Şeyma’nın babası bir iş kazası geçirmiş. SGK sı yok. Anne çalışmıyor, daha doğrusu çalışamıyor. Çünkü evde yatalak felçli bir baba var. Ev kira. Şeyma tek çocuk. Zaten annesi de çok genç. 29 yaşındaymış. Hangi hastanede yatıyor, diye sordum. “Devlette” dedi. SGK sı yok demiştin diye sordum. “Acile götürmüşler, yatırmışlar” dedi.Şimdi ne olacak peki diye sorunca, bana bakan o gözleri kolay kolay unutacağımı sanmıyorum. Çaresiz; “Bilmiyorum” dedi.
Evet bilmiyor. Doğrusu ben de bilmiyordum. Şikayet et desem, SGK sız işçi çalıştırmak yasaya aykırı desem, gidip hakkını arar mıydı diye düşündüm bir an.
Nasıl oldu kaza? dedim. Ciddi bir şeyi yoktur inşallah..
“Beli kırılmış” dedi.
Düştü mü?
Evet, dedi . İnşaattan..!
(Devamını yazmayacağım… )
****
İş güvenliği hakkında her gün bir haber çıkıyor. Hatta iş güvenliği uzmanlarının çalıştırılması, denetimleri hakkında da bir çok yazı ve yasal düzenlemeler var, ama hala nasıl oluyorsa iş kazaları sürekliliğini koruyor. İnşaattan düşmek gibi, tehlike derecesi yüksek iş kollarında çalışanların, çoğunlukla ölümle ve kalıcı sakatlanma ile sonuçlanacağını bilmek için alim olmaya gerek yok.
Türkiye de büyüme hızı bilmem kaç oranında olmuş derken, bu büyüme neye ve nereye göre belirleniyor? Bırakın SGK lı olmayı, mağduriyetlerin tespiti konusunda, ihtiyaçların giderilmesi konusunda sosyal devlet anlayışının ne olduğunu da düşünmek lazım. Meydanlarda, mitinglerde ütopik veriler alkışlar bitene kadar kabul görebilir.
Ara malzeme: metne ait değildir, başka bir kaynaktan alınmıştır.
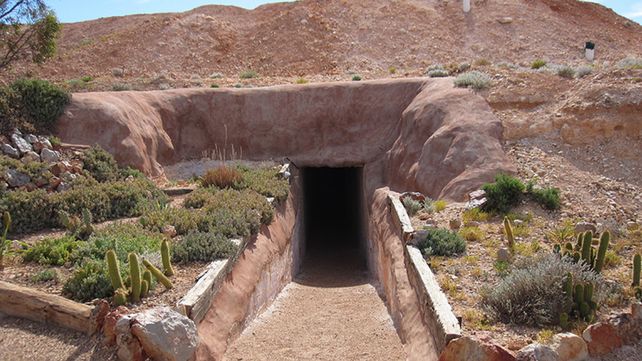 Las sorprendentes imágenes de una ciudad subterránea en medio del desierto de Australia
Ya sonrası?
Sadece 2016 yılında, 286 bin çalışan iş kazası geçirmiş.2017 yılının ilk iki haftasında 98 çalışan hayatını kaybetmiş.Sadece 100 bin kişide iş kazası oranı % 8.8 Bu resmi kayıtlar. Resmi olmayan kayıtların ne kadar olduğunu bilmiyoruz. SGK sızların tamamı resmi kayıt dışı. Genel sağlık sigortası kapsamında yapılan gelir testlerinin de gerçeği yansıtmadığı, yansıtsa bile bu kriterlerin Türkiye şartlarında yaşayan bir insan için yetersiz olduğu da bir gerçek. İş kazası geçirmiş bir çalışan kadar, bakmakla yükümlü olduğu insanlar açısından da hezimet.
Soruyorum? Biz bu kadar büyüdüysek…..
Protezine haciz giden gazinin mağduriyeti, sağ kaldığı için mi? İnşaattan düşen işçinin sakat kalması, manzara seyretmeye çıktığı için mi?